Crawled caption data:
*** Block opens ***
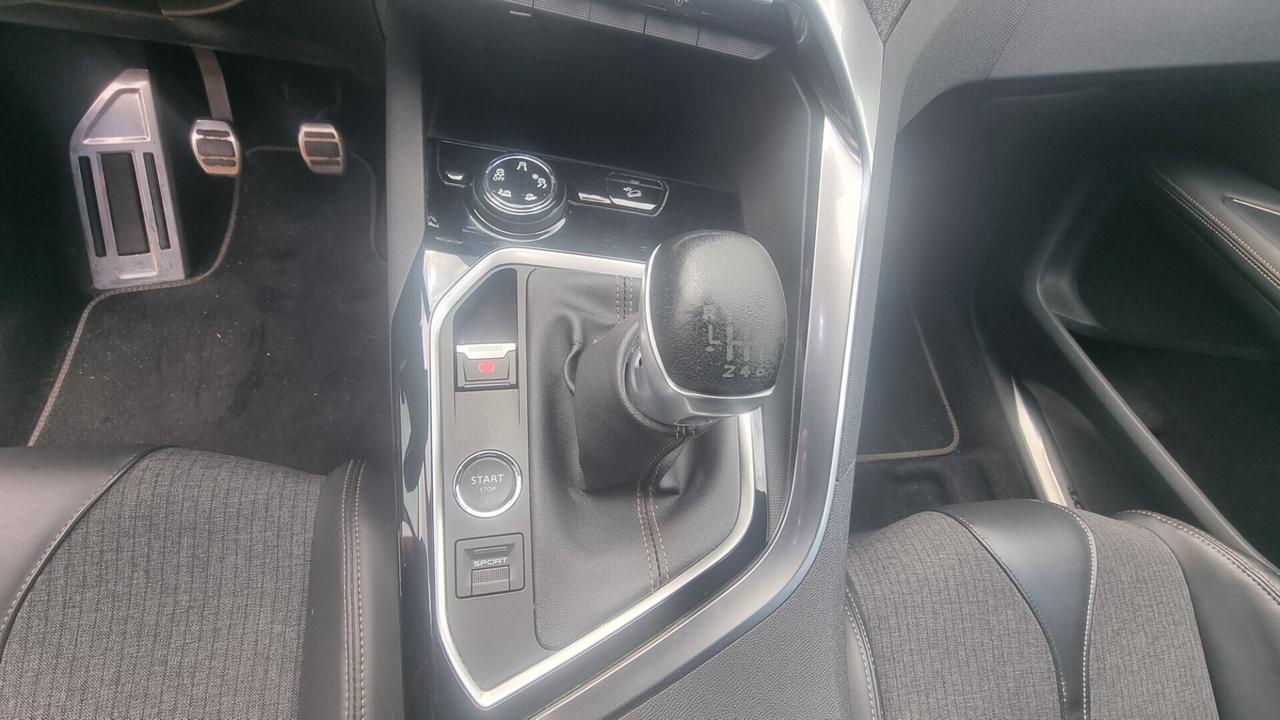 Peugeot 3008 PureTech Turbo 130 S&S GT Line tetto apribile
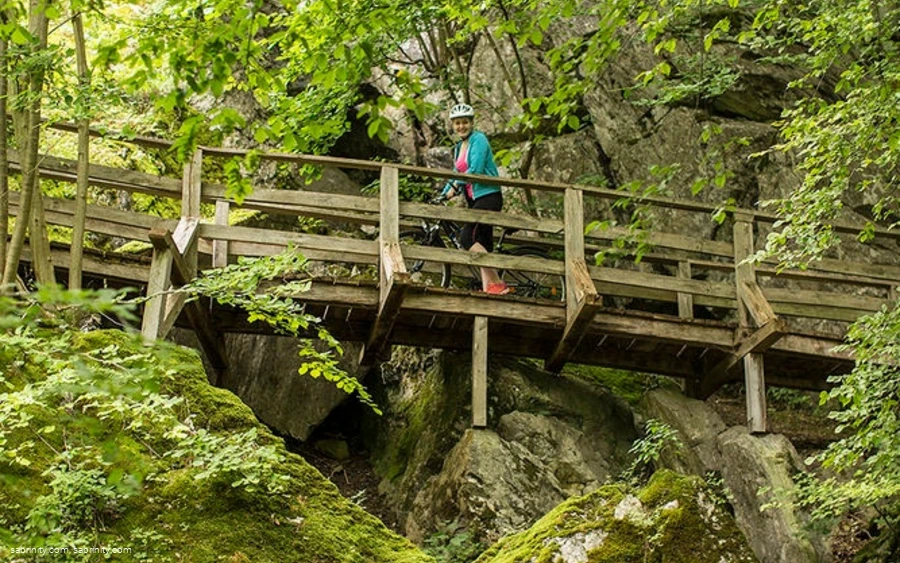 Brücke am Felsen Brücke am Felsen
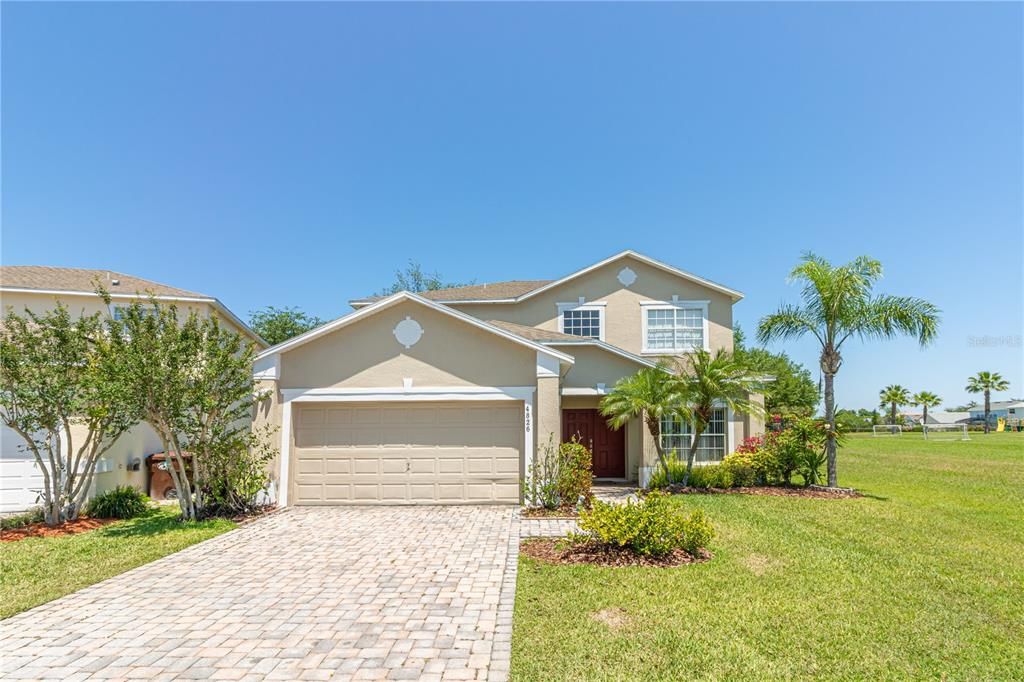 Recently Sold: $349,900 (6 beds, 3 baths, 2604 Square Feet)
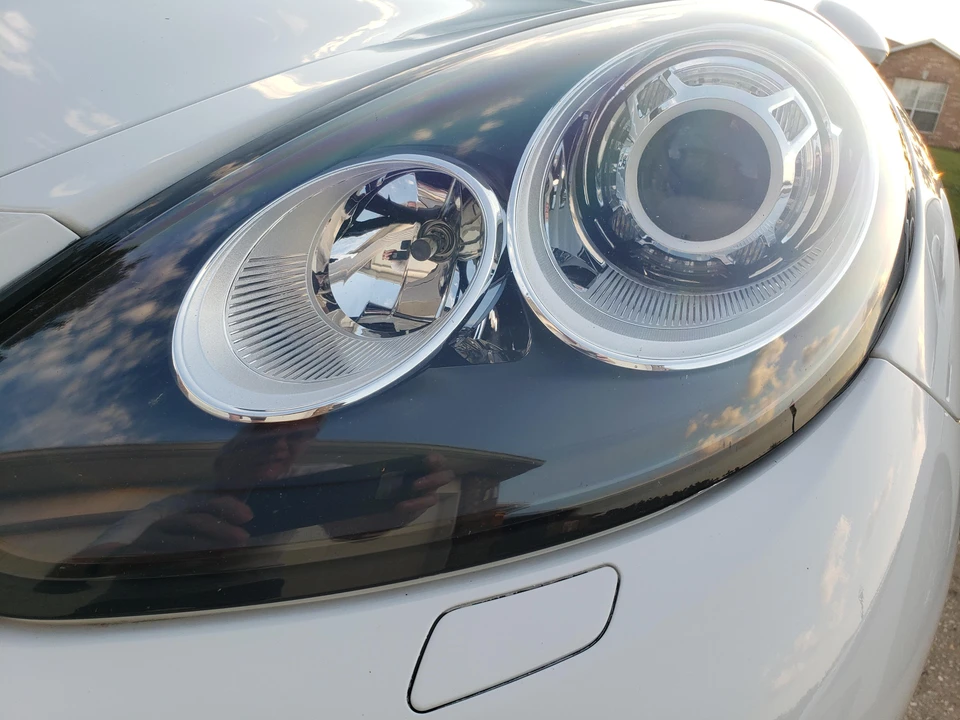 2016 Porsche 970 Panamera - Image 30 of 31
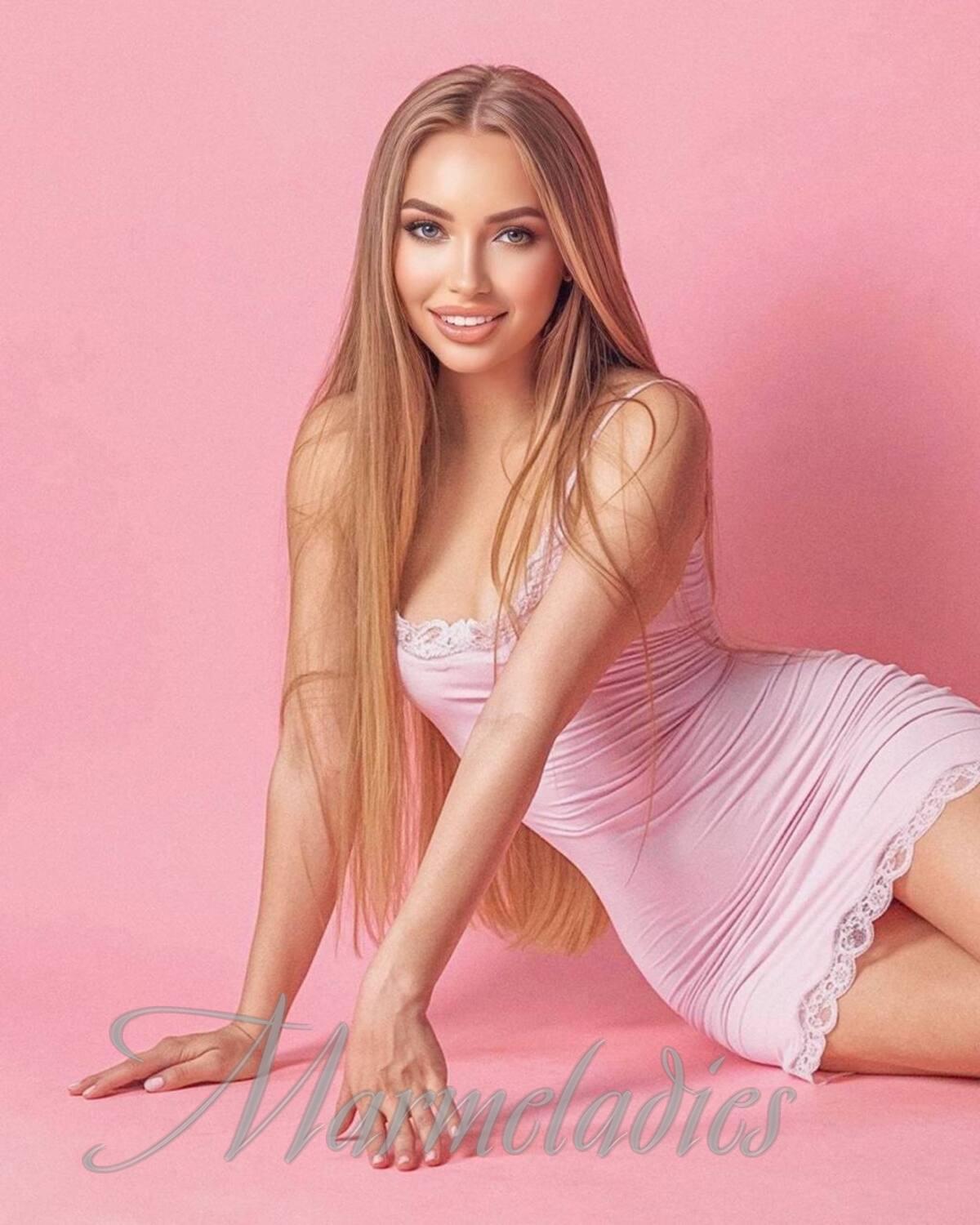 Gorgeous bride Svitlana, 26 yrs.old from Kiev, Ukraine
*** Block closes ***
Only the text of the records belongs in your answer, repeated exactly; the pictures stay out.

**Written answer:**
 Peugeot 3008 PureTech Turbo 130 S&S GT Line tetto apribile
 Brücke am Felsen Brücke am Felsen
 Recently Sold: $349,900 (6 beds, 3 baths, 2604 Square Feet)
 2016 Porsche 970 Panamera - Image 30 of 31
 Gorgeous bride Svitlana, 26 yrs.old from Kiev, Ukraine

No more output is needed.